### Work item:
Every line of the data below needs to be reproduced exactly.

=== Provided material ===

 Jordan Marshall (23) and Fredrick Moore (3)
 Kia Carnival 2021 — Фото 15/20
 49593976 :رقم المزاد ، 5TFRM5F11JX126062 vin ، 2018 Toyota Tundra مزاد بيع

===

### Output:
 Jordan Marshall (23) and Fredrick Moore (3)
 Kia Carnival 2021 — Фото 15/20
 49593976 :رقم المزاد ، 5TFRM5F11JX126062 vin ، 2018 Toyota Tundra مزاد بيع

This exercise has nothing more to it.